John Clapham at Nokia suggests that you should try to measure how healthy your operations culture is. At the Devops Days conference this year in London he talked about ways to measure and monitor culture – behaviour, attitudes and values – to determine whether people were focused on the “right things”, and to assess the team’s motivation and satisfaction. Nokia had already started a Devops program, and wanted to see whether the momentum for change and improvement was still there after the initial push and evangelism had worn off. So they came up with a set of vital signs that they felt would capture the important behaviours and attitudes:
- Cycle time – time from development to deployment in production. Are we moving faster, or fast enough?
- Shared purpose – do people all share/believe in the same goals, believe in improving how development and ops work together?
- Motivation – does everyone care about what they are doing?
- Collaboration – are people working together willingly?
- Effectiveness – is everyone’s time being spent in a useful way? How much time is being wasted?
Operations Vital Signs that you Can and Should Measure
Clapham’s closing question was: “What vital signs would you look for?”

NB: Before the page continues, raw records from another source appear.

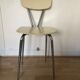 Chaise formica jaune pale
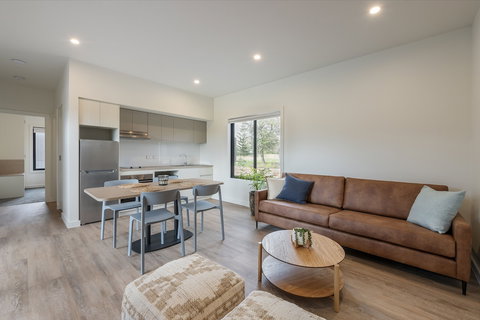 The Retreat At West Beach Parks - New Castle Tourism 2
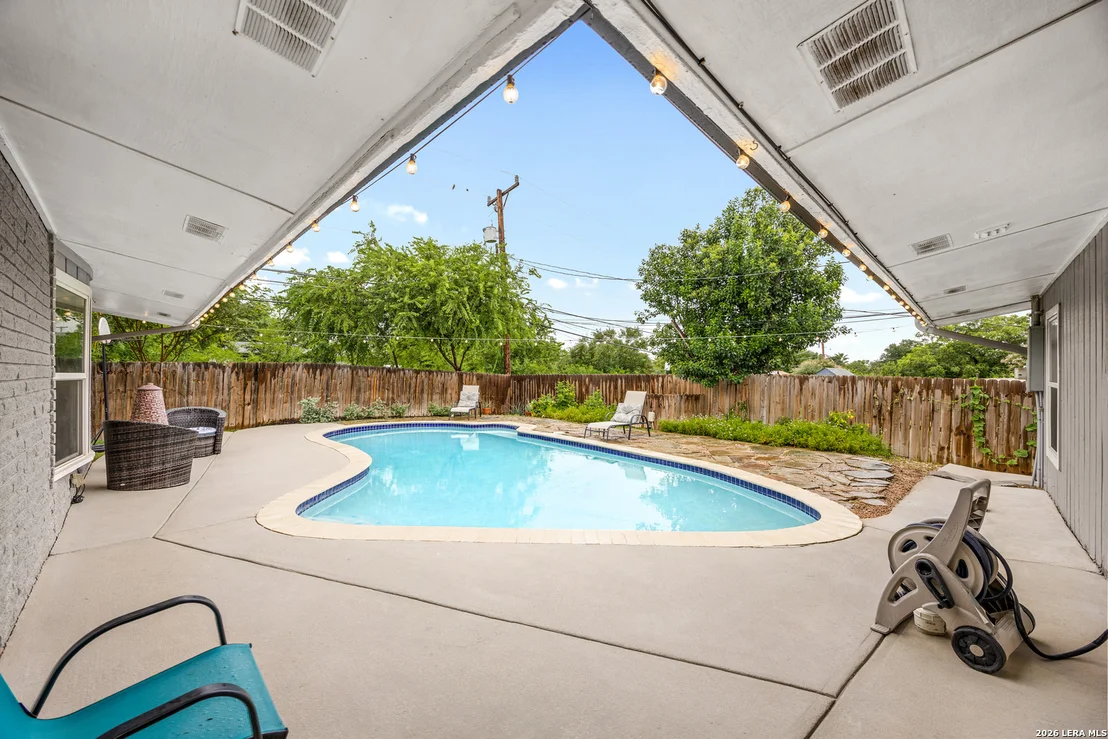 Photo of 359 REXFORD DR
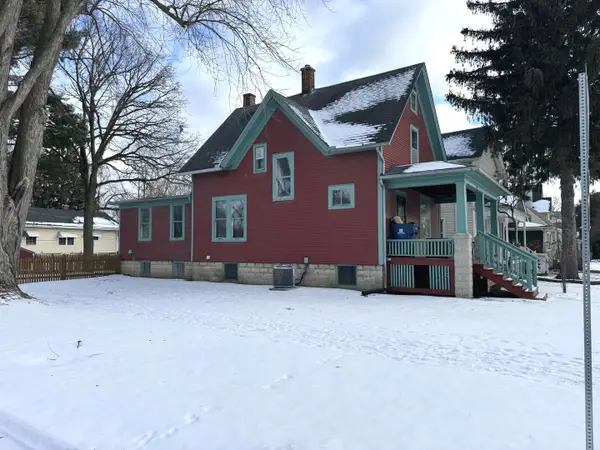 340 N Wright Street, Naperville, IL 60540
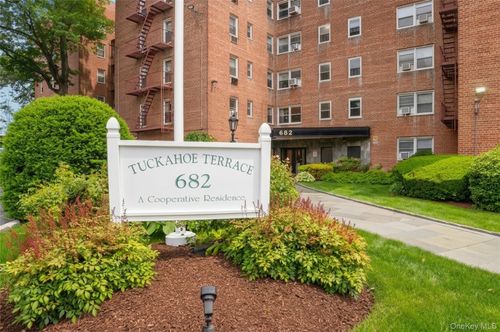 1a-682 Tuckahoe Rd, Yonkers, NY, 10710-5219 | Card Image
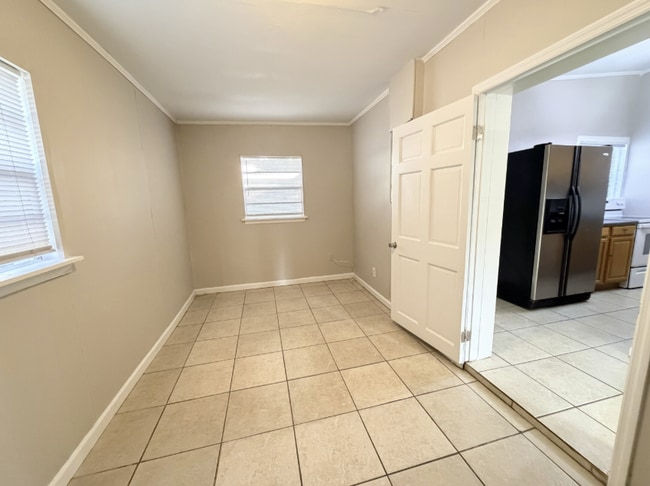 Photo - 3817 Peach Dr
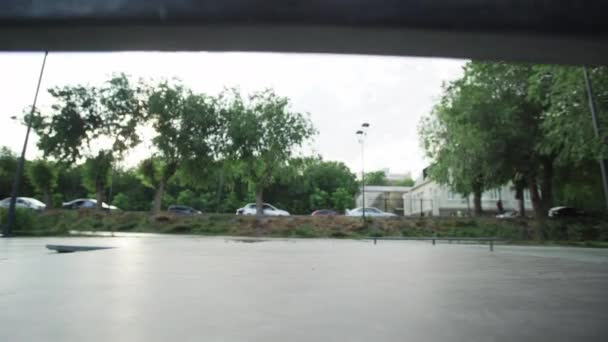 Skateboarder fazendo truque aéreo no parque de skate no dia ensolarado — Vídeo de Stock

I'm not convinced that you can measure an organization’s cultural effectiveness, or that it would be really useful if you could. You can’t tell from a wishy-washy questionnaire whether change is making a real difference to the organization’s effectiveness and you are on the right track; or help you understand what you need to change and what the impact of change would be on the bottom line (or the top line). To do this you need concrete and results-based measurements which point out strong points and weaknesses, and that you can use to make a case for change, or justify your decisions.
Puppet Labs and IT Revolution Press have recently published a “State of Devops Report”, which is full of interesting data. The report stresses the importance of metrics in understanding how your organization is performing and why a Devops program is, or would be, worthwhile. They provide a list of objective measures, broken down into two major types.
Agility and reliability metrics:
- Deployment rate/frequency
- Change lead time – how long it takes to get a change approved and into production
- Change failure rate (John Allspaw's brilliant presentation “Ops Meta-Metrics” explains the importance of correlating deployment frequency/size/type and failures – type and severity – in production)
- Mean time to recover (and mean time to detect)
- Test cycle time – how long does it take to test a change?
- Deployment time – how long does it take to roll out a new change once tested and approved?
- Defect rate in production (defect escape rate)
- Helpdesk ticket counts – how much time is spent firefighting?
There are two other important measures that are missing from this list:
- Operations costs
- Employee retention – a key measure of whether people are happy
Measuring the success of a DevOps program is simple:
If you aren't saving money
If you can’t make change easier and faster
If you don’t improve quality and reliability and your organization’s ability to respond to problems
If you can’t keep good people
... then whatever you’re doing is not working or you’re not doing it right. It doesn't matter if you are “doing DevOps” or using certain tools or if people seem to be more collaborative or believe that they have a greater sense of shared purpose. What matters is the outcome. Make sure that you’re measuring the right things – so that you know that you are doing the right things.